Songwriting As Zen

Songwriting As Zen

Zen philosophy tells us there cannot be space between thought and action. Even a space as narrow as a hair’s breadth is too much.

From the moment of its invention to your recognition of it, the processing of an idea must be a fluid motion wherein the thought becomes the lyric, the ephemeral melody that flits though the mind, becomes the song. Ideas are gifts which we must not stop to ponder and dissect, but must record instantaneously with full faith and certainty. Second-guessing an intuitive thought is to change its character, thus losing its purity and splendor.

Compare songwriting to learning the technique of swordplay. At first, the student is clumsy at wielding the sword, finding the weapon cumbersome when learning the many combinations of moves devised for defense and attack. As the skill increases, the student’s confidence grows, and suddenly these same moves are accomplished without premeditation. They are smooth, correct and instantaneous. They are similar to the uninhibited moves of a first time swordsperson swinging the sword before having learned that there is a wrong and right way to do so.

The goal of a great songwriter is to achieve that point where technique is second nature, not something that has to be thought about. Like the owner of the sword who is now imbued with the sense of insight known as Zen, the songwriter becomes instinctively alert to great intuitions, a state of mind followers of Zen call zanshin. The swordmeister reacts to challenges without thinking. The songwriter reacts to a flash of enlightenment with complete knowledge upon contact with it. In other words, with a sense of Zen.

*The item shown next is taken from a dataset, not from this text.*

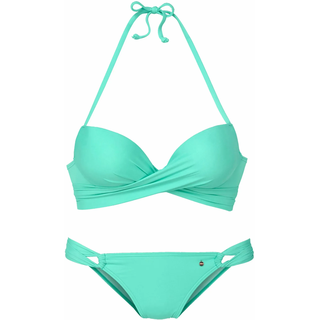 Push-Up-Bikini S.OLIVER, Damen, Gr. 40, Cup B, blau (türkis), Recycling-Polyamid, unifarben, Bikini-Sets Push-Up-Bikini, mit zusätzlichen Bindebändern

When you wrote your first poems and songs, you wrote like this, very intuitively, and had some success with your earliest work, as people who heard your first songs responded well to them, and from this you gathered that you should continue to pursue this direction. As you began to hone your craft, you became less sure, becoming aware of external pressures, such as marketability, commercialism, and pleasing various levels of members of the Music Industry. You faltered in your trust of your own intuition. It is when you master the craft well enough to be as intuitive as you were as a novice beginner, that you truly will have learned your craft.